ITIL Service Delivery and Support Solutions
How IT Gets Done
Your IT Infrastructure provides the services that support all of your business processes. From application hosting to desktop support, the smooth delivery of IT services is crucial to keeping your business running. Effective IT service delivery management will maximize efficiency and stability, securing an edge against your competition. We understand the industry-accepted best practices to manage the delivery of IT Infrastructure services, and can assist you to implement these practices in your environment.
The IT Infrastructure Library (ITIL) is a set of guidelines for service management that have been widely adopted by forward-looking enterprises. These guidelines address the fundamental processes of both Service Delivery and Service Support. The Service Delivery components are shown in the figure below.

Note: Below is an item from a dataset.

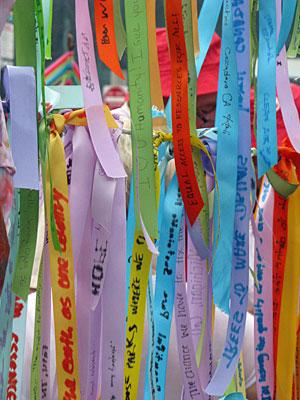 colorful ribbons with the people's climate march in the background.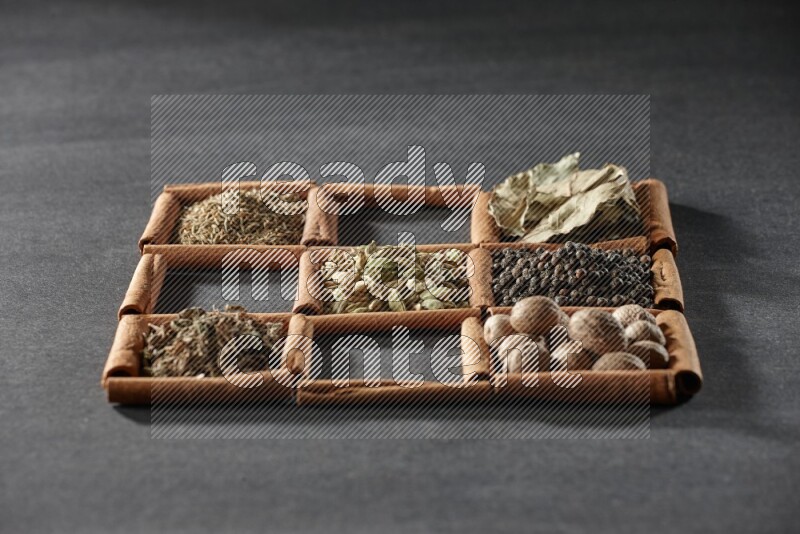 9 squares of cinnamon sticks full of cardamom in the middle surrounded by nutmeg, black pepper, bay laurel leaves, allspice, cumin, white pepper, dried basil and salt on black flooring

The core Service Support processes are shown in the figure below.
We Can Help
At Vivatas, we have hands-on experience implementing these best-practice processes in world-class enterprises. We know how to bring the abstract process definitions down to the real world of IT service delivery. We know how to select, customize, and deploy the tools that will best support these processes. We can integrate these tools to your existing enterprise systems, and we can train your staff to use them effectively.
Here are some examples of projects we have implemented to improve the IT Infrastructure service delivery for our clients:
- Automated Desktop Support infrastructure: We deployed an integrated collection of tools to manage every desktop and laptop in the company, supporting automated inventory discovery, software distribution, application protection and healing, remote control capability for the service desk, and complete standard image management.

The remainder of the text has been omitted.